— Short descriptive text snippets —
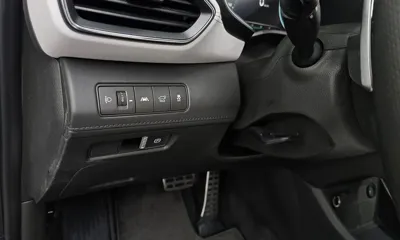 Hyundai Santafe 2021, 95246 км, за 19094.81 USD - фото 18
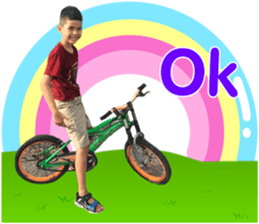 189506519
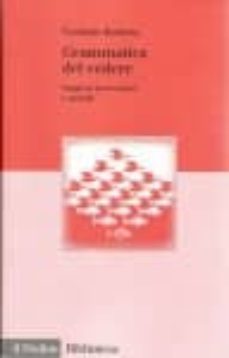 grammatica del vedere: saggi su percezione e gestalt-9788815060907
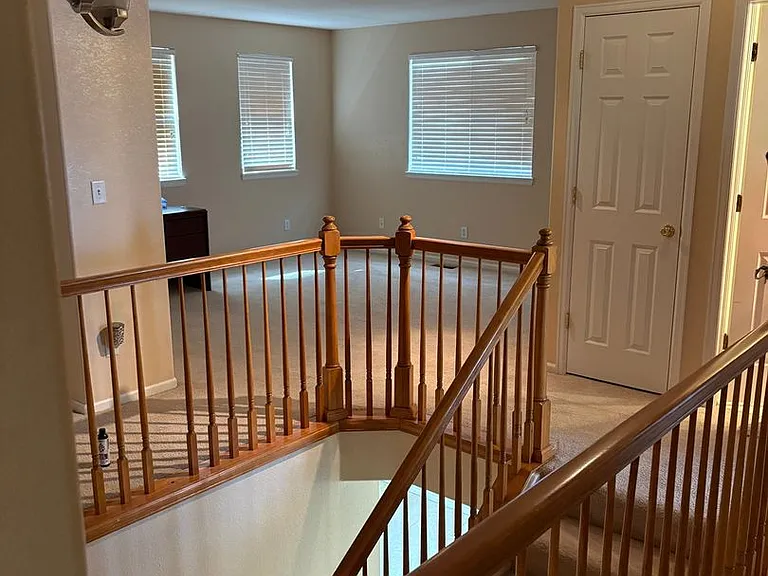 20535 E Girard Pl — Photo 3
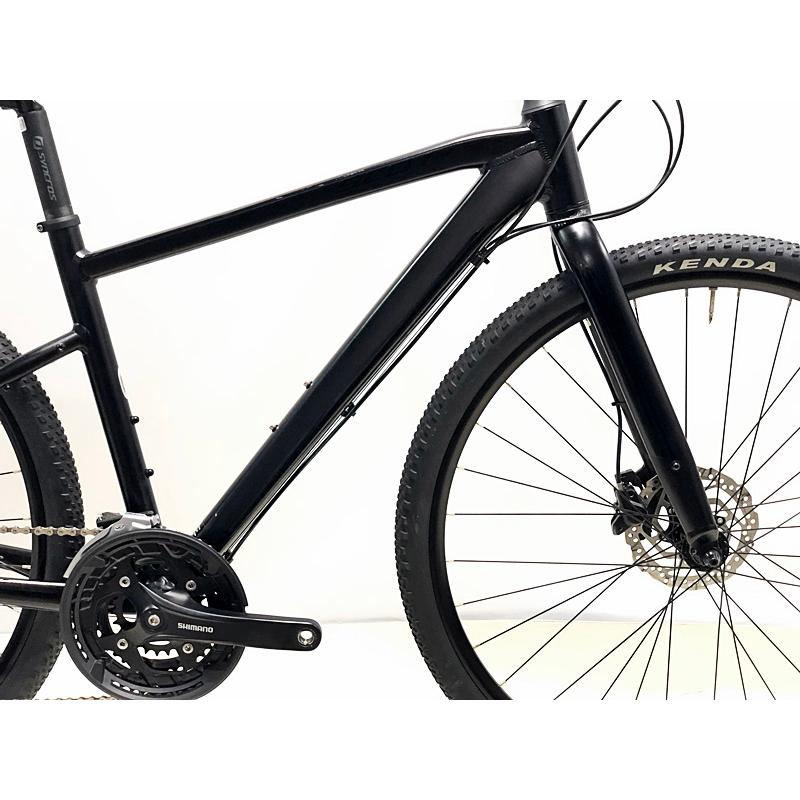 スコットサブクロスＪ１リミテッド SCOTT SUBCROSS J1 Limited 入荷!!｜バイク・自転車の購入修理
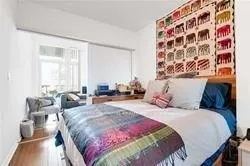 Photo 8 of Unit 2310, 352 Front Street W, Toronto, Waterfront Communities — HOMEH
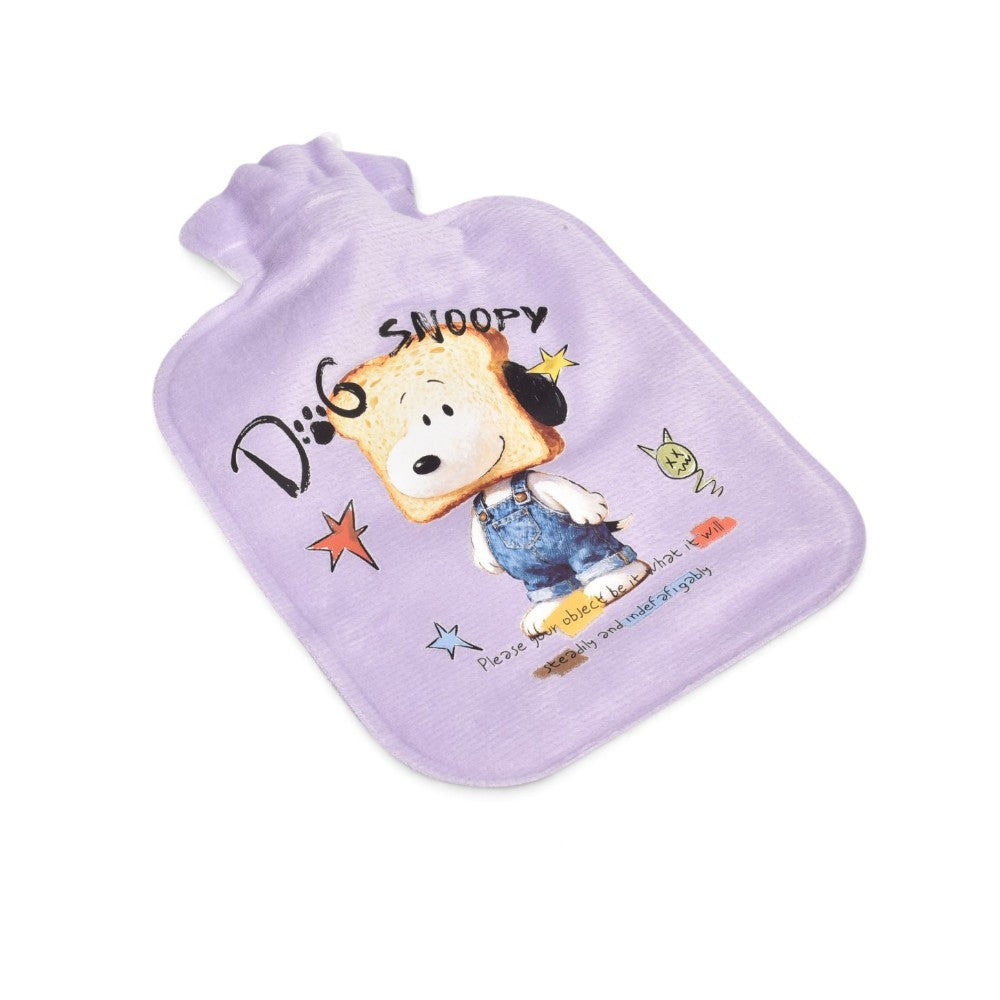 bolsa termica colicos prj dim:21x14cm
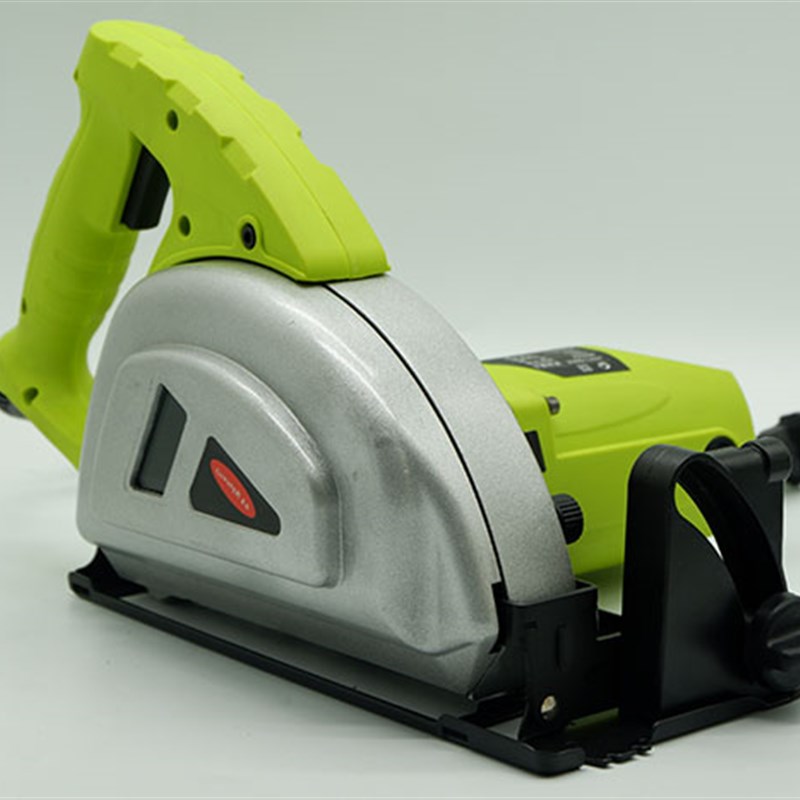 岩棉板夹层:建筑节能的秘密武器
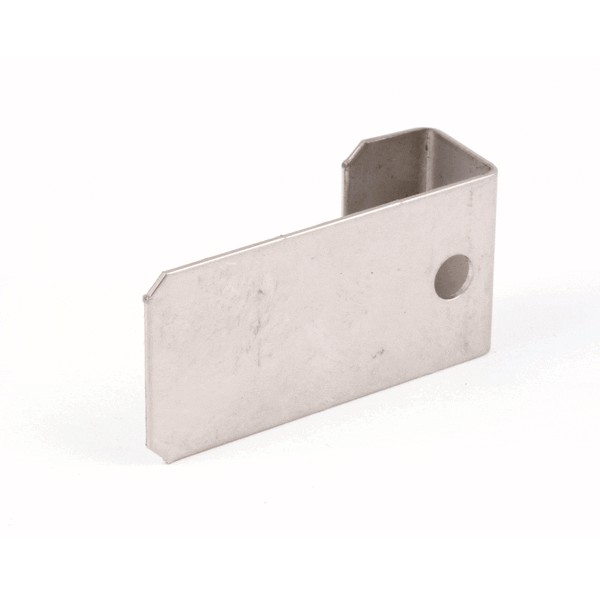 (image for) Scotsman A38033-001 BRACKET BIN TOP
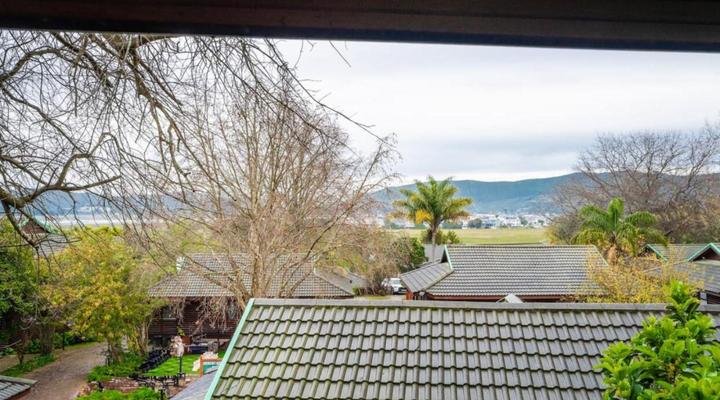 Knysna Getaways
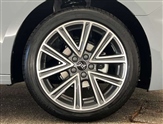 Audi A1 Image 5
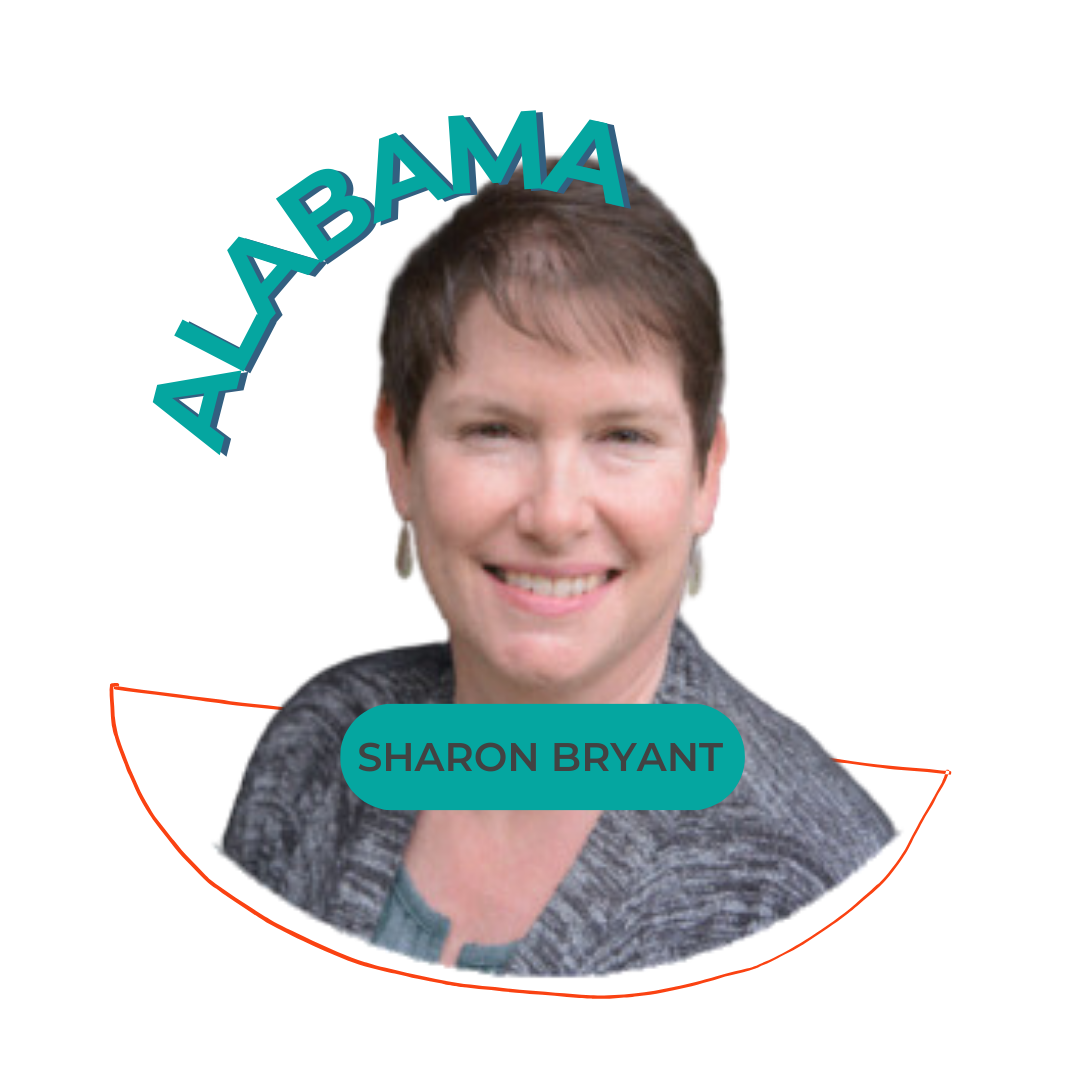 sharon-bryant-fasciashi-barefoot-massage-instructor-alabama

— PROBLEM TO SOLVE —
Reproduce every line above word for word; no images.

— THE ANSWER —
 Hyundai Santafe 2021, 95246 км, за 19094.81 USD - фото 18
 189506519
 grammatica del vedere: saggi su percezione e gestalt-9788815060907
 20535 E Girard Pl — Photo 3
 スコットサブクロスＪ１リミテッド SCOTT SUBCROSS J1 Limited 入荷!!｜バイク・自転車の購入修理
 Photo 8 of Unit 2310, 352 Front Street W, Toronto, Waterfront Communities — HOMEH
 bolsa termica colicos prj dim:21x14cm
 岩棉板夹层:建筑节能的秘密武器
 (image for) Scotsman A38033-001 BRACKET BIN TOP
 Knysna Getaways
 Audi A1 Image 5
 sharon-bryant-fasciashi-barefoot-massage-instructor-alabama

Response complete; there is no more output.